ACTIVITY — Every line of the entries with the word "High" in it should be shown.

DATA FOR ANALYSIS —
______________________________

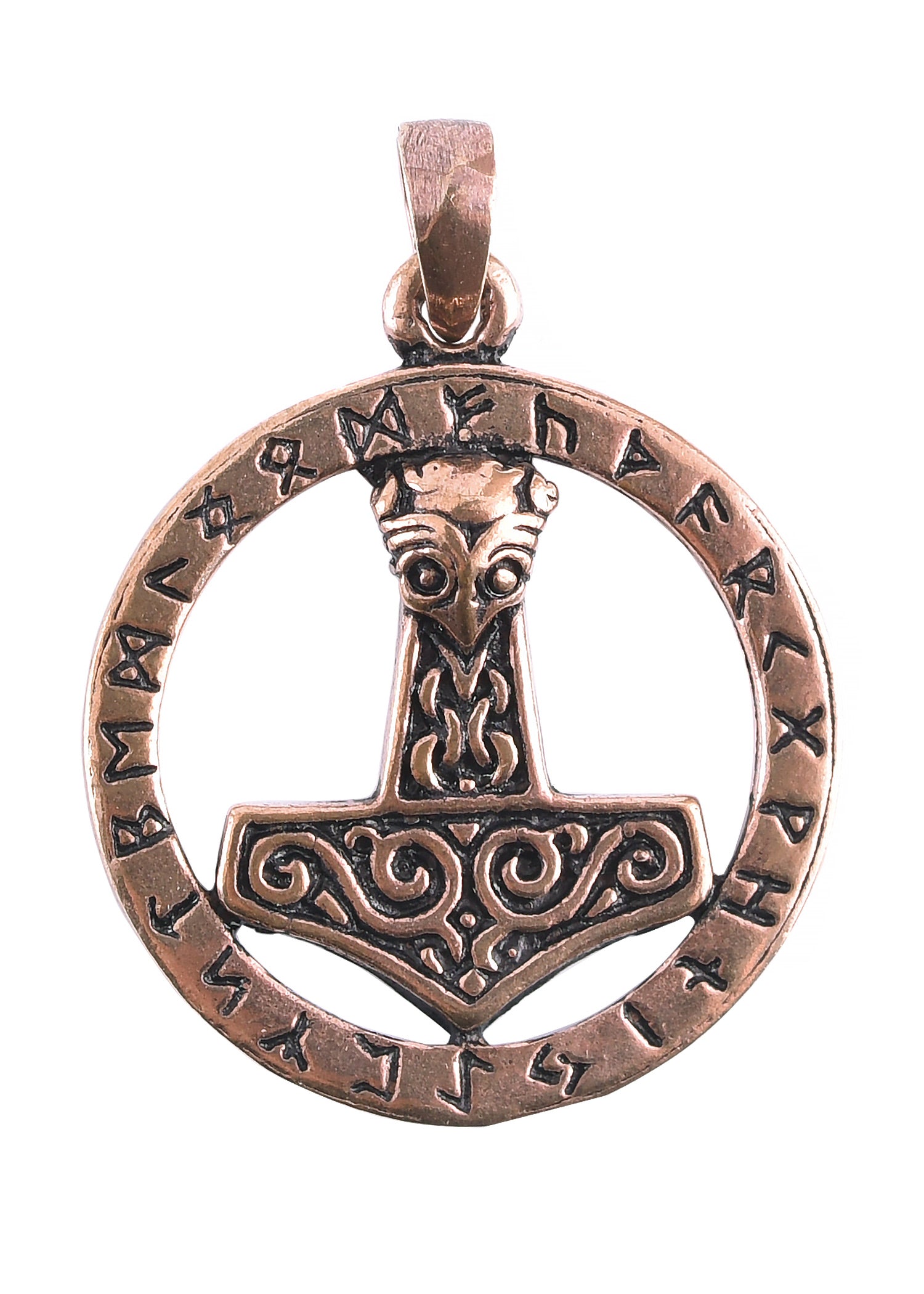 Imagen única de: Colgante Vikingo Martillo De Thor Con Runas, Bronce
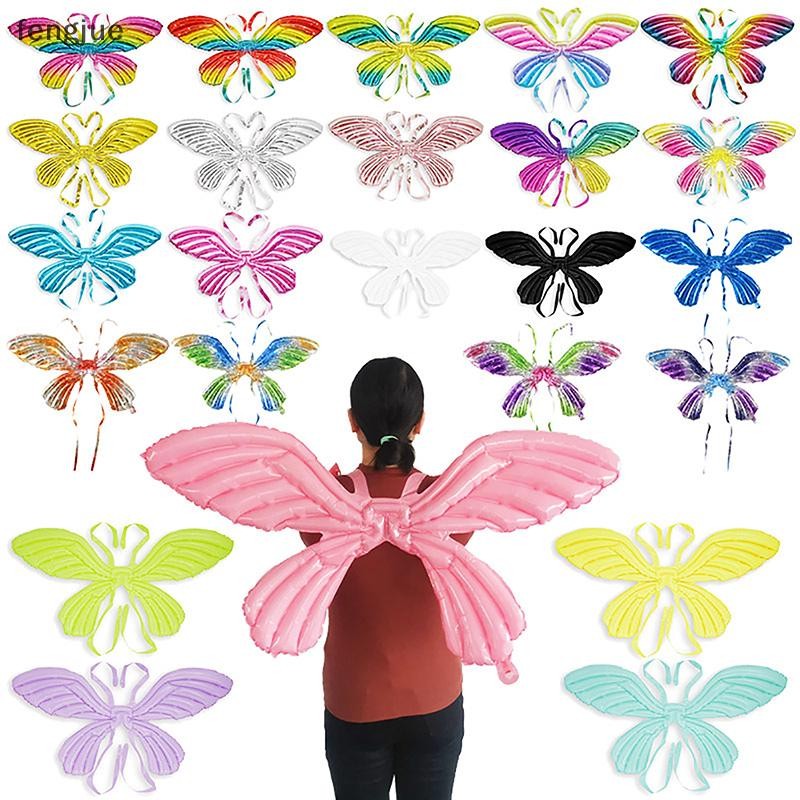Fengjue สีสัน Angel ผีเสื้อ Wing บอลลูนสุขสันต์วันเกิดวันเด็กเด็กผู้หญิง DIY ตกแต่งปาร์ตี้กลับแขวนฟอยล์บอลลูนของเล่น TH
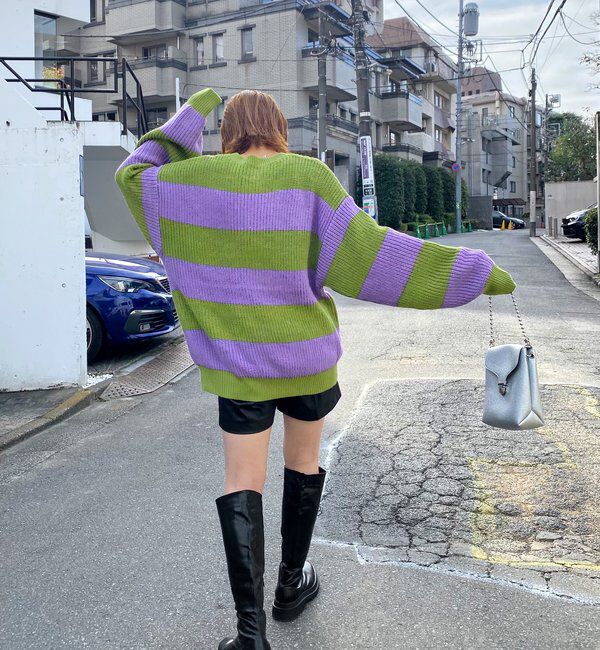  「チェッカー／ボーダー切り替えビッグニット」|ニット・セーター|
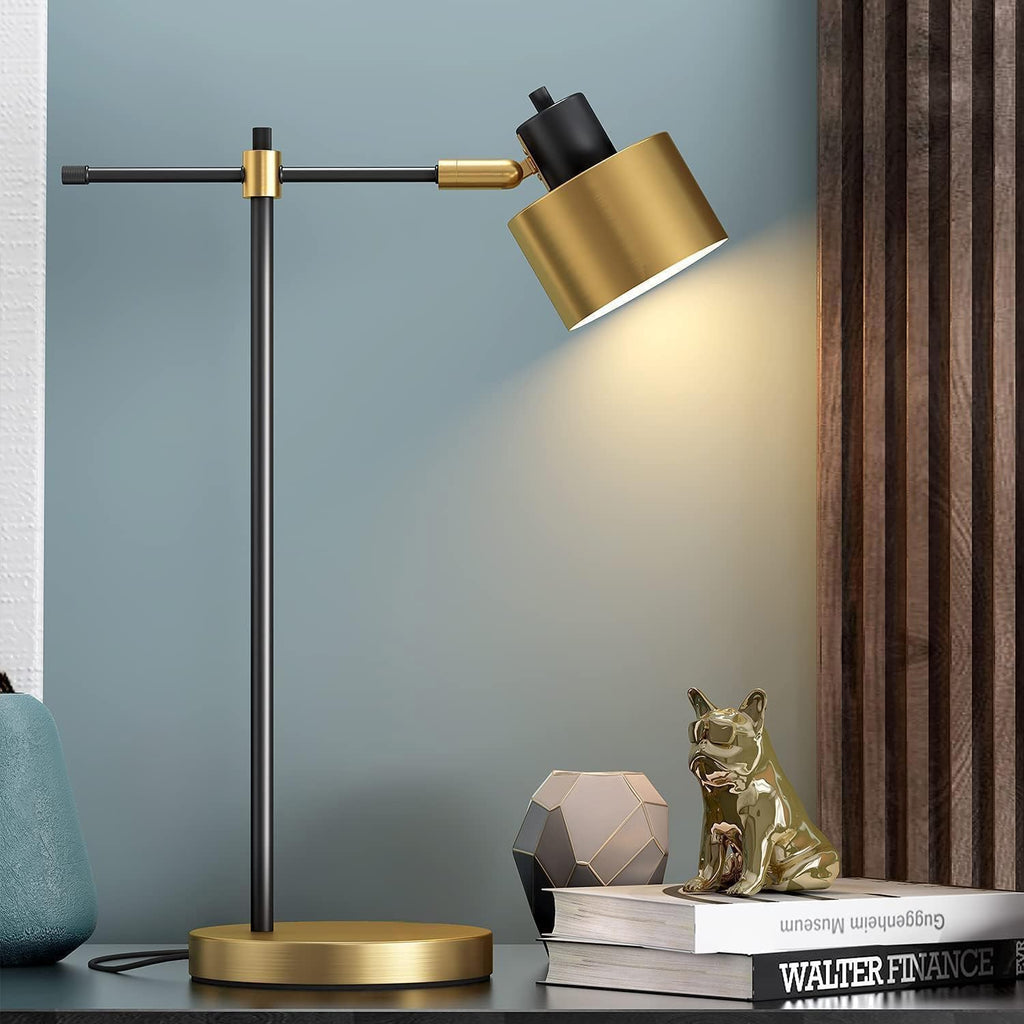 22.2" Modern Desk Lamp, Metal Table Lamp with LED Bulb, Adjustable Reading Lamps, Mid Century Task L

______________________________

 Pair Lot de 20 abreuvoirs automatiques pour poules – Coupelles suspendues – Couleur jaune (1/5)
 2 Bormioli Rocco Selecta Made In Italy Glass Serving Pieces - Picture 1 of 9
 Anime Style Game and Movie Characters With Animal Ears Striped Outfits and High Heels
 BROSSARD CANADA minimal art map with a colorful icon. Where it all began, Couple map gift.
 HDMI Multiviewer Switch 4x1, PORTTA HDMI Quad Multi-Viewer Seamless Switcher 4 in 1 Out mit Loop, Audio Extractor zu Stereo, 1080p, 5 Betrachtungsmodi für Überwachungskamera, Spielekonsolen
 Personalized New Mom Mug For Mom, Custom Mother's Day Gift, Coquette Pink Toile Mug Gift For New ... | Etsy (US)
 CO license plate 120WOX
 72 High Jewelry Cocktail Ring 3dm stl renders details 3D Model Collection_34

______________________________

RESULT FOR THIS EXERCISE —
 Anime Style Game and Movie Characters With Animal Ears Striped Outfits and High Heels
 72 High Jewelry Cocktail Ring 3dm stl renders details 3D Model Collection_34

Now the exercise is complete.